Should you stop bone-targeted therapy in a patient who requires dental work?
ada and asco 2011 guidelines24 state that dental work should be completed before bone targeted agents are started and that, during therapy, invasive dental procedures that involve manipulation of the jaw bone or periosteum should be avoided. No Evidence on the risk of osteonecrosis of the jaw is limited in patients on bisphosphonates who have invasive dental work. Nevertheless, try to avoid extractions, root canals, and ill-fitting dentures if possible.
Should bone-targeted agents be switched after a skeletal-related event on another agent?
Studies have used surrogate markers to reflect the risk for skeletal-related events30,31. No Currently no double-blind data with appropriate endpoints support such action.

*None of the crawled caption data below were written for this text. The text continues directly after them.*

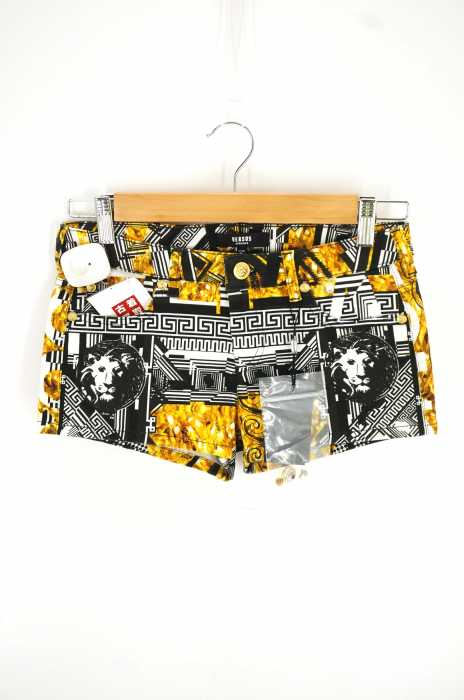 VERSUS VERSACE (ヴェルサス) 総柄ショートパンツ レディース パンツ
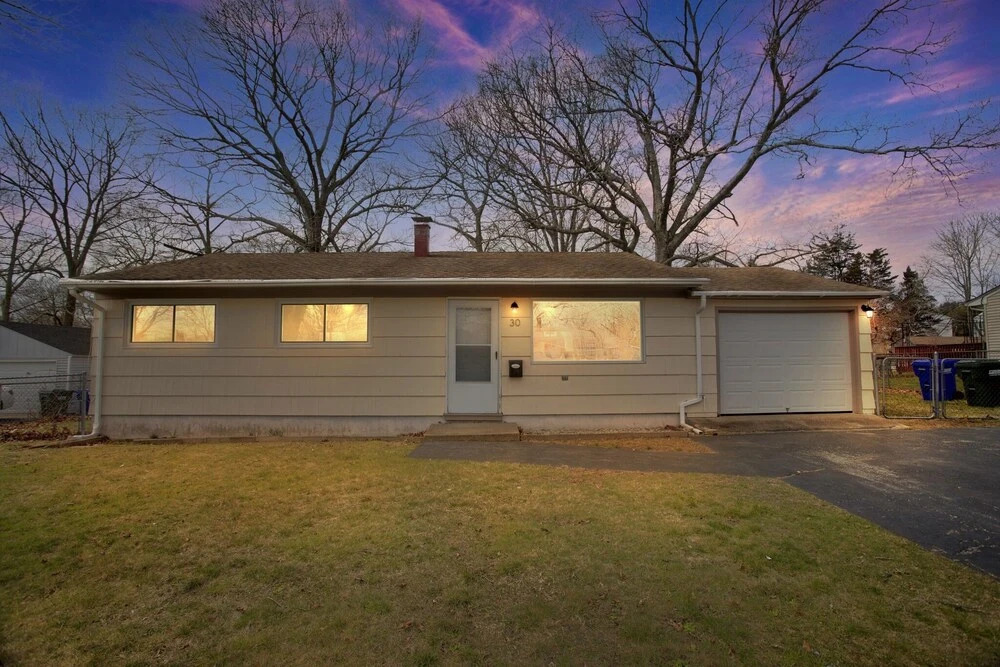Quiet And Cozy Mystic Ranch Close To Everything 3 Bedroom Home by Redawning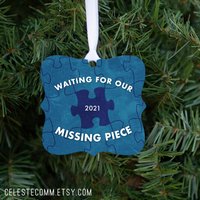 Warten Auf Unsere Missing Piece Adoption Wartezeit Weihnachtsverzierung - Metall Datierte Zweiseitige Verzierung von CelesteComm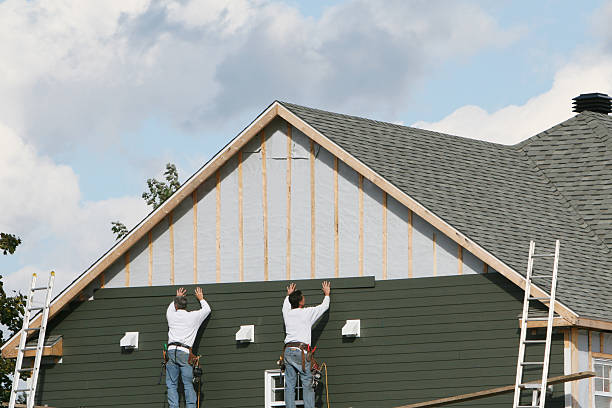 Professional Emergency Siding Repair technician working in Ward, SC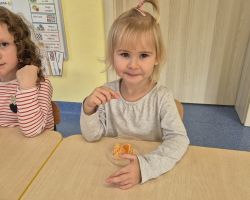 dzieci podczas ochodów dnia owoców i warzyw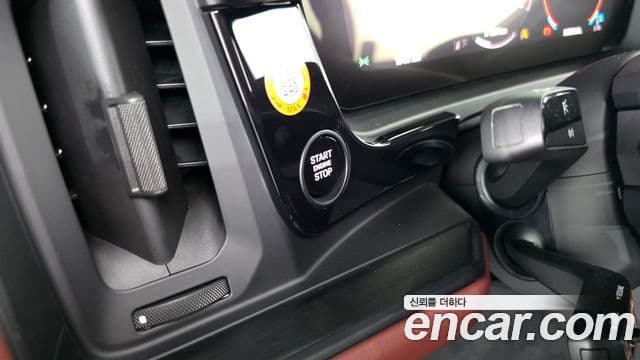 Porsche Cayenne 2025 — Photo 5/34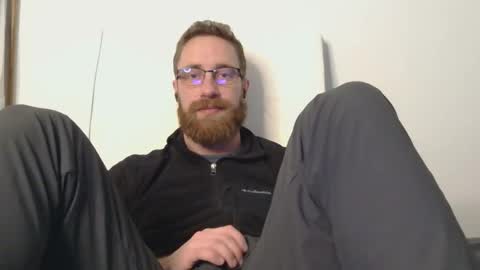 8InchesAndSomeHoles online show from February 24, 8:09 pm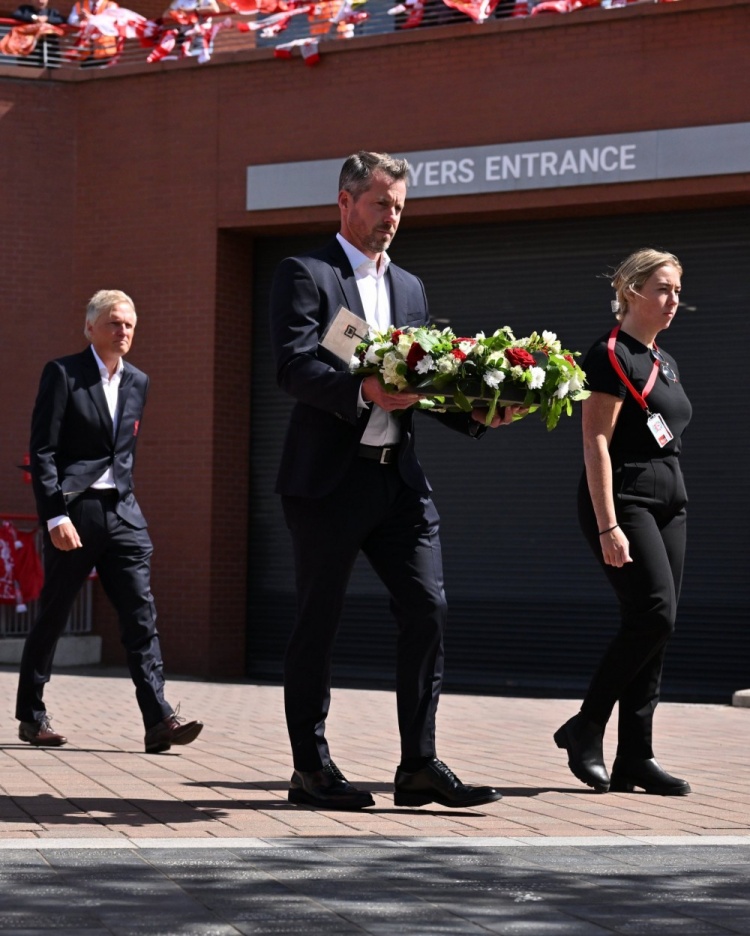 官方：利物浦CEO在安菲爾德向若塔兄弟獻上鮮花致以敬意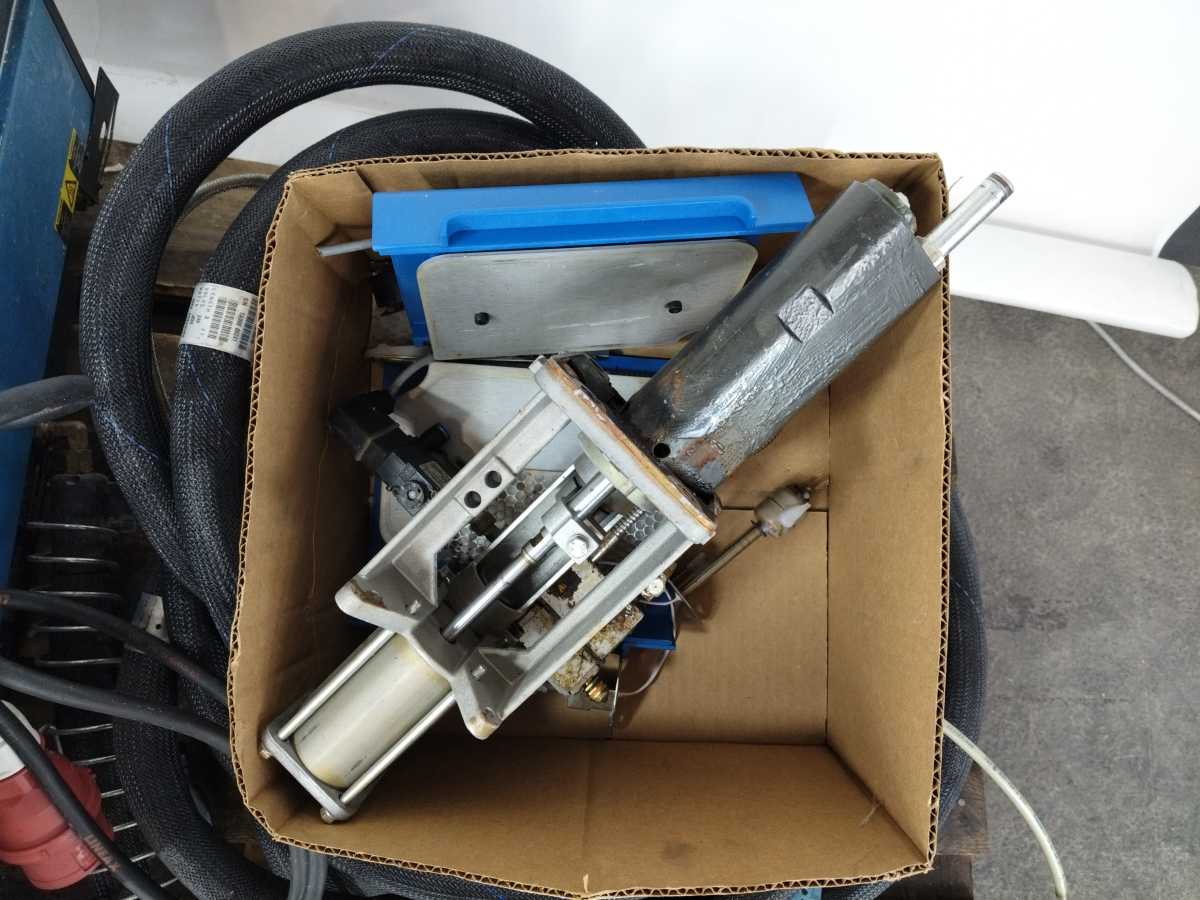 Nordson 3400V-3FAV4D/R VISTA Hot Melt Material Applicator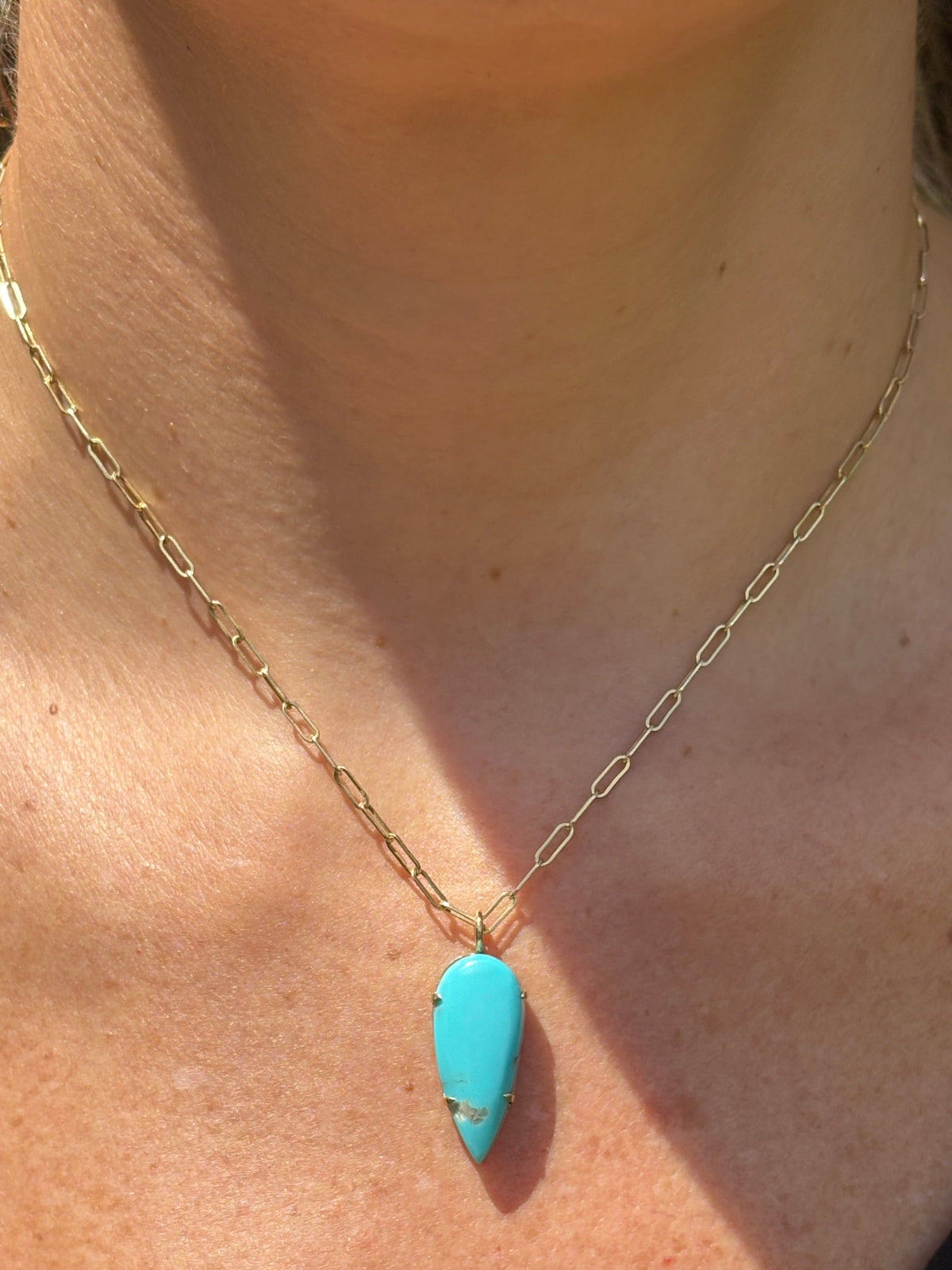 Collar de turquesa corte gota en oro amarillo 10K | Emiliana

asco = American Society of Clinical Oncology; ada = American Dental Association.

TABLE II.

Treatment with bone-targeted agents in the setting of cancer therapy–induced bone loss

Question Issues in the literature Consensus reached? Consensus statement
What is standard care for patients about to start an aromatase inhibitor?
According to asco recommendations32, bone mineral density should be measured in patients initiating or receiving aromatase inhibitor therapy. Risk factors for fragility fracture have to be assessed. Yes Patients with a T-score equal to or higher than −2.0, with no additional risk factors, are advised to use physical activity, calcium and vitamin D supplementation, and monitoring of risk factors and bone mineral density once or twice yearly.
For patients with risk factors or a T-score lower than −2.0, the addition of bisphosphonates or denosumab is recommended.

asco = American Society of Clinical Oncology.

TABLE III.

Treatment with bone-targeted agents in the adjuvant setting

Question Issues in the literature Consensus reached? Consensus statement
Should patients receive adjuvant bone-targeted therapies?
Many! Yes Outside of a clinical trial, bone-targeted agents should not be given to patients as an adjuvant (that is, anticancer) treatment.
Zoledronic acid every 6 months can be considered in premenopausal patients not receiving chemotherapy, per the Austrian Breast and Colorectal Cancer Study Group trial 124.

3. SUMMARY

The bonus meetings strive to bring together people interested in bone disease. This gathering continues to be an excellent forum to foster research and wide multidisciplinary interaction. We extend our thanks to all who made the 6th meeting such a success, including our pharmaceutical sponsors. We will use the feedback from the conference to make further program changes before organization begins for a 2012 meeting!

4. CONFLICT OF INTEREST DISCLOSURES

MC has received honoraria from Amgen and Novartis. AP has received honoraria from Amgen and Novartis. None of the other authors has any financial conflicts of interest to disclose.